Task description
For this listing, reproduce the line with "Sagar Barbhaya’s ID", the line with "Blick von oben", and the lines between, exactly as they stand. Leave out pictures and all other lines.

Data supplied
[Start of section]

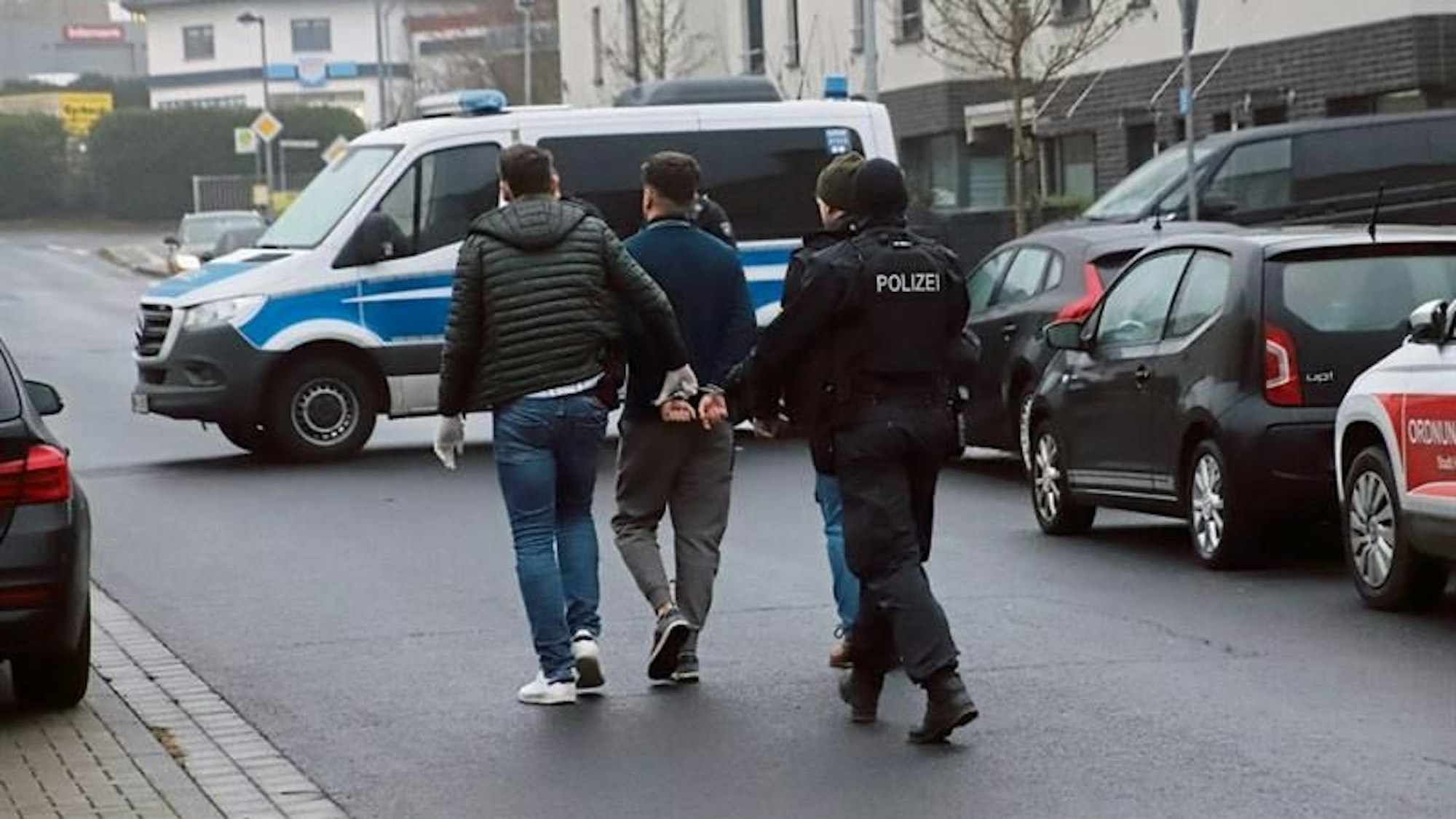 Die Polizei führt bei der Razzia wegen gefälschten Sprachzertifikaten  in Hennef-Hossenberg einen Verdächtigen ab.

[End of section]
[Start of section]

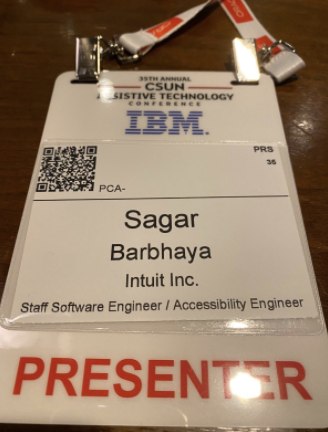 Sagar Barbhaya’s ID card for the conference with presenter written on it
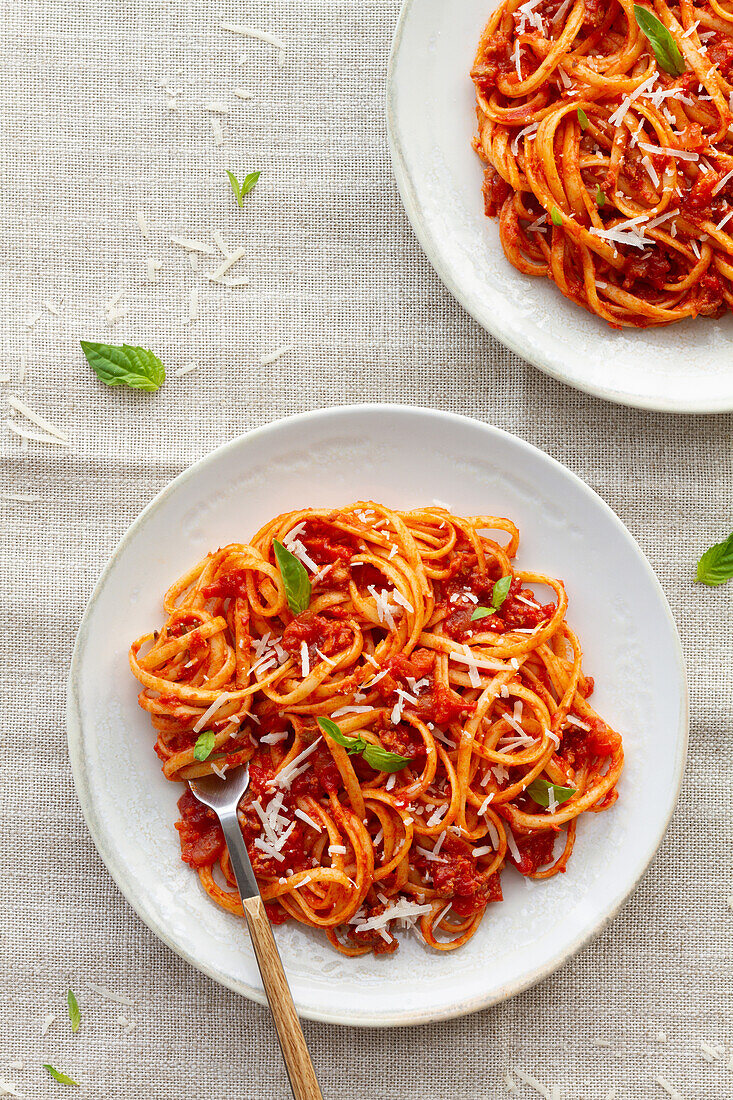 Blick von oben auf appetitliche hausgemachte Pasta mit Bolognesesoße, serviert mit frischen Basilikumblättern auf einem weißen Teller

[End of section]

Response to the exercise
 Sagar Barbhaya’s ID card for the conference with presenter written on it
 Blick von oben auf appetitliche hausgemachte Pasta mit Bolognesesoße, serviert mit frischen Basilikumblättern auf einem weißen Teller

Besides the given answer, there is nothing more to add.